How SuperC partitions and processes large files

In SuperC, there is no limit on the size of files processed in terms of lines, words or bytes. Yet it had an internal methodology based upon a maximum field size for each work area storage structure (for example, array size and precision of variables). A method was developed to do the overall comparison process by breaking very large files into smaller comparison partitions and combining the intermediate results into one overall result. The process had to be done carefully so that it did not look as if the file partitioning was determined after some arbitrary limit was reached. That could affect the results on either side of the break point. The partitioning had to be done heuristically based upon the comparison results from the previously inspected intermediate process.

A fixed partitioning size of 32K lines/words/bytes was selected that was based on some test studies. The compare processes up to this limit and iteratively adjusts the intermediate ending break point of the pass by an adaptive method. Continuation from the adjusted end point is the basis for the next pass. That end point might even be adjusted to some previous records that had already been processed. The objective is to achieve the next best compare set for future unprocessed records.

The overall process ends when both files reach the End-of-File during a pass. The results from the intermediate passes are combined into one user end result. Most large compares are never suspected to have been partitioned and recombined.

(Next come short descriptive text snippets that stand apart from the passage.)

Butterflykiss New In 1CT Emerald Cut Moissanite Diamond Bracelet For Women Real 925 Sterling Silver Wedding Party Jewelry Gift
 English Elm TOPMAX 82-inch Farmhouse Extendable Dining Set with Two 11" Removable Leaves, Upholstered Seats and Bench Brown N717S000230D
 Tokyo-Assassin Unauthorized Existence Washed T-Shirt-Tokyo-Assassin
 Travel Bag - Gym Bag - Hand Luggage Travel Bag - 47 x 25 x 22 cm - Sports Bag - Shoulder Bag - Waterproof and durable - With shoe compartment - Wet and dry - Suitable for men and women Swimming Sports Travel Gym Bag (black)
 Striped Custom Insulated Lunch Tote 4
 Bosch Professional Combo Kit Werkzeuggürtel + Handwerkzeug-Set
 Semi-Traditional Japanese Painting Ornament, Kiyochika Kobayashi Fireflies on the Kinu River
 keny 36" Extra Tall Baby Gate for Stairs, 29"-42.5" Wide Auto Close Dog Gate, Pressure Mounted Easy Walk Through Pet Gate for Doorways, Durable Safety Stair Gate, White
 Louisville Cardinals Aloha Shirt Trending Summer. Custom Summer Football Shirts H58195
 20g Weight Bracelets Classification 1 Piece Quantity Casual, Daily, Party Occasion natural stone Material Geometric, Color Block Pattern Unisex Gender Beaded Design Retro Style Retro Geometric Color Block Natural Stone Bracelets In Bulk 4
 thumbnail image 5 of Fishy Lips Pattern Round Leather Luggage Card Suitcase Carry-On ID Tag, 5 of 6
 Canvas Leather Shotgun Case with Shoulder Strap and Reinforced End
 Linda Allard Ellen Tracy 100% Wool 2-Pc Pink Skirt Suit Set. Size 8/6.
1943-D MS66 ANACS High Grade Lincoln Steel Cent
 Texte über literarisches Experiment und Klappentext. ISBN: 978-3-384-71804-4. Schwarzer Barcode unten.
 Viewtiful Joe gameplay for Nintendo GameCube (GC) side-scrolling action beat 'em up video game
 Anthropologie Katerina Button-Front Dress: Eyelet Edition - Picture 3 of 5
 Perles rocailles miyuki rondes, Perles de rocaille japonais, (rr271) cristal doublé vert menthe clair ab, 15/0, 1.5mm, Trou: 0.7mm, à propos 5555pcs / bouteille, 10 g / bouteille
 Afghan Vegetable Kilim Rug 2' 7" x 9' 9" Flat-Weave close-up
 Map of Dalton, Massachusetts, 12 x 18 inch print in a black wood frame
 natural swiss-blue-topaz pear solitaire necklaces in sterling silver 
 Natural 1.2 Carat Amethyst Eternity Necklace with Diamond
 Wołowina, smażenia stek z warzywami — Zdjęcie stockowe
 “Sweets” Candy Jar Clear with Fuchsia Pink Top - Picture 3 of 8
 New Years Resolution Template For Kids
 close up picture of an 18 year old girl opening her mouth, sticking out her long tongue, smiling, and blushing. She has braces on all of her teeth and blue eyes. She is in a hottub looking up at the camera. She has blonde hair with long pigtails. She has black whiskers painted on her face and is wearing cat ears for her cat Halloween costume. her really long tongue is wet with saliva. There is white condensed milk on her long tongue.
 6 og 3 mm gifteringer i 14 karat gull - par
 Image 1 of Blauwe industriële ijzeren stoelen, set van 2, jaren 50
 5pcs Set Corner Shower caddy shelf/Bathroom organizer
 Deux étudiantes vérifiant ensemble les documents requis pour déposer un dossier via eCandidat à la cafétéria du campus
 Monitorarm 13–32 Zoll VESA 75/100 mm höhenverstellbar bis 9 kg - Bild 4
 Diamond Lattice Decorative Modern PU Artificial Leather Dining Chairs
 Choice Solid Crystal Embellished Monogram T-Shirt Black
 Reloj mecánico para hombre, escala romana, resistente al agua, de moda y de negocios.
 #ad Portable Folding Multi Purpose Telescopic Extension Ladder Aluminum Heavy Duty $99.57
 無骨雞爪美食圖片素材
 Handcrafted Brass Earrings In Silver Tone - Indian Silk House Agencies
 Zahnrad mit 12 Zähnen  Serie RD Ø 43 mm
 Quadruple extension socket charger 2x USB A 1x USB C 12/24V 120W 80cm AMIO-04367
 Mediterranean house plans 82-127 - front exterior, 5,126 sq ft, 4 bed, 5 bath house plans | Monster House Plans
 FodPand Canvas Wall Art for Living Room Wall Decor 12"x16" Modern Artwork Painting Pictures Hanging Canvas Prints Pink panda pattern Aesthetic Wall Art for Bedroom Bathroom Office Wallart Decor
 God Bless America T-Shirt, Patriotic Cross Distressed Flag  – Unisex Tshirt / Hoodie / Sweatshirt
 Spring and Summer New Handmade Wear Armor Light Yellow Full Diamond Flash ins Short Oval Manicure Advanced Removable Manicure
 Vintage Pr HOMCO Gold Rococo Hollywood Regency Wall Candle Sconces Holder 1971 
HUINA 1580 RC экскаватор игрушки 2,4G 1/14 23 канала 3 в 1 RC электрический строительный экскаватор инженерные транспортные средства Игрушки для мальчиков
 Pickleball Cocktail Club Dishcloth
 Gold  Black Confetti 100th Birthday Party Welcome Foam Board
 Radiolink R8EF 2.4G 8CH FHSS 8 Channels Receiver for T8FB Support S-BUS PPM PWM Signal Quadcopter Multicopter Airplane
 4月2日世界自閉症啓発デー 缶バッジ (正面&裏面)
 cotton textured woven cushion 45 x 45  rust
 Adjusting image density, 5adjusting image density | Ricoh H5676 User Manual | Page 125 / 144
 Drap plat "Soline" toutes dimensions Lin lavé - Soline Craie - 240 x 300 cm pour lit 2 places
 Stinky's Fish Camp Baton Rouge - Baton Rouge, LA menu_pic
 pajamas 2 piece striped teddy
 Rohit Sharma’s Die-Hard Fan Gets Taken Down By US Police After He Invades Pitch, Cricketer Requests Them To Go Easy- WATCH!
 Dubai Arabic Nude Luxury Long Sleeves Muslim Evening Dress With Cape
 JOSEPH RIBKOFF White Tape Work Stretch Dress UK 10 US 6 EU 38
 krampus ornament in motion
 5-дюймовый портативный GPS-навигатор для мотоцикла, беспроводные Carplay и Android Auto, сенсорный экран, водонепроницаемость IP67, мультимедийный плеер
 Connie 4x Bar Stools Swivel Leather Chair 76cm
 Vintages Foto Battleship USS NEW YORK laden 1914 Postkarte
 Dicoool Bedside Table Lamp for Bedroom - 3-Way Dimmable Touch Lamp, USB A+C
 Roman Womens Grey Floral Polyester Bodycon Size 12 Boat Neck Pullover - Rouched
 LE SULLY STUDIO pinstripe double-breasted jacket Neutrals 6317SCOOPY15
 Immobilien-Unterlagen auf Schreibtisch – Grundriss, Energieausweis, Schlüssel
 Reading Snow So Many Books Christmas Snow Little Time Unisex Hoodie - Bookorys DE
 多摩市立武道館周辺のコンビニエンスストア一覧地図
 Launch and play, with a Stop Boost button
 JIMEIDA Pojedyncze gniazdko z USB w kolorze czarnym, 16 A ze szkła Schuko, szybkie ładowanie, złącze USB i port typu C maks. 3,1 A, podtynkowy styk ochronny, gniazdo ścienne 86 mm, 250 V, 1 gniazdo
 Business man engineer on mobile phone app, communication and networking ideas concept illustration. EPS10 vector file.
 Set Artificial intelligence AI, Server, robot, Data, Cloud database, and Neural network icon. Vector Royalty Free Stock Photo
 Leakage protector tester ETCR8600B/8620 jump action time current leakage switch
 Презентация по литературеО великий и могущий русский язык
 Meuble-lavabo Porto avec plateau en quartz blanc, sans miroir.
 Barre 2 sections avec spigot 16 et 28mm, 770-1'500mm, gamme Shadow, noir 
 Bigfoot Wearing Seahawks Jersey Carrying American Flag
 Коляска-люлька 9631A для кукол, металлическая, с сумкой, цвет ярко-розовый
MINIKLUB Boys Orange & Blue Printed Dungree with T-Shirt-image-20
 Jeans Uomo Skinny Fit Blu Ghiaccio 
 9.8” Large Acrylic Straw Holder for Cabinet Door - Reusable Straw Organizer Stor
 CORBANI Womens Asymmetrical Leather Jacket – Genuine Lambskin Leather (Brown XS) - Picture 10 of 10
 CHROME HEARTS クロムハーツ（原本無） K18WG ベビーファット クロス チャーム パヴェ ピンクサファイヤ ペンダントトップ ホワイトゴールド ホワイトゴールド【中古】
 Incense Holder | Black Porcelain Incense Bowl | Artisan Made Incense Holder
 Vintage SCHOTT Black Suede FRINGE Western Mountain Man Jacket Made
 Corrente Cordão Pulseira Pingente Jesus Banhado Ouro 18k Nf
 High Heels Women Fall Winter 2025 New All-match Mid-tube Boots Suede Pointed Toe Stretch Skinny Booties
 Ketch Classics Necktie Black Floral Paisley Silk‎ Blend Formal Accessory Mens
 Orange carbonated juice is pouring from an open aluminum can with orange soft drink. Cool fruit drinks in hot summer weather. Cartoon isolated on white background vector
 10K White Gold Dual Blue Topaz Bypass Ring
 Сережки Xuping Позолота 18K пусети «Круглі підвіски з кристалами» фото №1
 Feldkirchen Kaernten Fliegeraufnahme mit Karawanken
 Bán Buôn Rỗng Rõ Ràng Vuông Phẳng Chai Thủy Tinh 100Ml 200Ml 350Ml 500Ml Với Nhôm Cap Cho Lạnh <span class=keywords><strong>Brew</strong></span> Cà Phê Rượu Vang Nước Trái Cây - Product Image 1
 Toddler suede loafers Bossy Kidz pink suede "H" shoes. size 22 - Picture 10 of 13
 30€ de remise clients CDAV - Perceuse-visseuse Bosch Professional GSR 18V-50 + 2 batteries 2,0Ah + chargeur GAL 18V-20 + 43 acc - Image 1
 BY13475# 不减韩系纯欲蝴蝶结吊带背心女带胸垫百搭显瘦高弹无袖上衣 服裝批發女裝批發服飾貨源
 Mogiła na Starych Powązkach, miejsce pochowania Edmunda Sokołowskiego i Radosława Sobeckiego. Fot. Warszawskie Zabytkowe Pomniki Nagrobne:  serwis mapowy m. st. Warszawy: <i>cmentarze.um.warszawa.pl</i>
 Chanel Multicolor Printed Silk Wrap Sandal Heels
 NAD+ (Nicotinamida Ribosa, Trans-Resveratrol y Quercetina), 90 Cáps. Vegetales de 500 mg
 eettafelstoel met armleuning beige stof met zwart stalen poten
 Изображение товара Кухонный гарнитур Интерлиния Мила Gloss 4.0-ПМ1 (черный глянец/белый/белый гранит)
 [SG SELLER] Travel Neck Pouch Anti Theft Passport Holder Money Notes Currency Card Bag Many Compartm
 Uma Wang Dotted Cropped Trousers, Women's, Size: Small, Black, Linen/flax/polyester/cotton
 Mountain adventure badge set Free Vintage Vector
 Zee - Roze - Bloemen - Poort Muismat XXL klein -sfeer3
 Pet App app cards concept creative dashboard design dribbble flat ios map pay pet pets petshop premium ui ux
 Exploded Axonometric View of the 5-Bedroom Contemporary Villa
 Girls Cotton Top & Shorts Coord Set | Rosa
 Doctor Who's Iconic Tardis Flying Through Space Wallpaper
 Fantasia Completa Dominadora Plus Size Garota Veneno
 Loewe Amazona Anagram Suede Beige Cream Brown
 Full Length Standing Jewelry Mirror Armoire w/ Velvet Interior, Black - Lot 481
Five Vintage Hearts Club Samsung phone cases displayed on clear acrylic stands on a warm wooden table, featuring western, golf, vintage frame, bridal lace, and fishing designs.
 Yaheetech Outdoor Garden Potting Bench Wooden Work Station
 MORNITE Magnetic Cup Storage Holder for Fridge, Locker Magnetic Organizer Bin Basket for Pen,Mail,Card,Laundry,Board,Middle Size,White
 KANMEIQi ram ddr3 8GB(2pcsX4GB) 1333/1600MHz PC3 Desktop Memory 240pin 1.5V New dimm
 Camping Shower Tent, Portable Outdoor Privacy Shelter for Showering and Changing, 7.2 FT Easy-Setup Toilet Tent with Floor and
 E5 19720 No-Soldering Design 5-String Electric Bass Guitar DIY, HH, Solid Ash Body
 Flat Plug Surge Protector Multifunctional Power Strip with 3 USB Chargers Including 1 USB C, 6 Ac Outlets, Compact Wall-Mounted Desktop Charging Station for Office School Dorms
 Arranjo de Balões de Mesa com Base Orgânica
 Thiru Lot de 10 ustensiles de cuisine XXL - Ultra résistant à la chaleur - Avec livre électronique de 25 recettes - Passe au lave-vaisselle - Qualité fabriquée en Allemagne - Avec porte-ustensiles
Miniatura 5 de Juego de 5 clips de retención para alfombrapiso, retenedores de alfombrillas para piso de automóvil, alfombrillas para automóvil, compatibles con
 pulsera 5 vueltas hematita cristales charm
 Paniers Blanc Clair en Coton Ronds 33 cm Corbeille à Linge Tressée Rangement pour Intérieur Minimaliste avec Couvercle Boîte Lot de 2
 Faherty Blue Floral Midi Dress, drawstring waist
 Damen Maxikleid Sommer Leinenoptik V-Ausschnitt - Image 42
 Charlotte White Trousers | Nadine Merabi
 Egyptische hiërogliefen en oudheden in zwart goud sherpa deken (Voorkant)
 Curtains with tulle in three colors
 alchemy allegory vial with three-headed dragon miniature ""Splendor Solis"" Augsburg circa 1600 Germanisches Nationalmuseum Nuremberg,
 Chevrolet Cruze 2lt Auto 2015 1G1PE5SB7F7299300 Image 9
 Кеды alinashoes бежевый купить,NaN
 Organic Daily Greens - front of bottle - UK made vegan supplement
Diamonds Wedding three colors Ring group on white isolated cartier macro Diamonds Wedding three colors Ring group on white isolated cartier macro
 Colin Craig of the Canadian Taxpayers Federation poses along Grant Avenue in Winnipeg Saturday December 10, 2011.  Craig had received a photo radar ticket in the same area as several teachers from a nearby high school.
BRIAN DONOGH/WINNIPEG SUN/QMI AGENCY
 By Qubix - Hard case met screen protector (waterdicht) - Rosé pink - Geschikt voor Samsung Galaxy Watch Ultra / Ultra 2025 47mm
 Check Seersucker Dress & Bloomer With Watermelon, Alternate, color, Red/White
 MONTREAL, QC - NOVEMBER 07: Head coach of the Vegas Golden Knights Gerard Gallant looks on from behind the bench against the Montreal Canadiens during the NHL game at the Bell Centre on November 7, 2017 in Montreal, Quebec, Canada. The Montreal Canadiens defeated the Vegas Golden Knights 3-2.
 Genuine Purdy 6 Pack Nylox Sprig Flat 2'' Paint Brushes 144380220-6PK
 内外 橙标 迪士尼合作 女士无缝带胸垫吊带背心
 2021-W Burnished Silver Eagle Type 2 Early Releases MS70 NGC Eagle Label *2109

The unlimited file size solution may appear, at first, unnecessary for Line compare using a virtual address space that is nearly unlimited. Yet there often has to be some limit—even if it is a high value. Programs need to store data with predetermined precision limits and programs work better with limits that are reasonable. Word compare and Byte compare eventually needed a partitioning limit for the compare as the number of words and bytes become large even for small file sizes.

Because of this partitioning process, comparisons of large files may take a long time.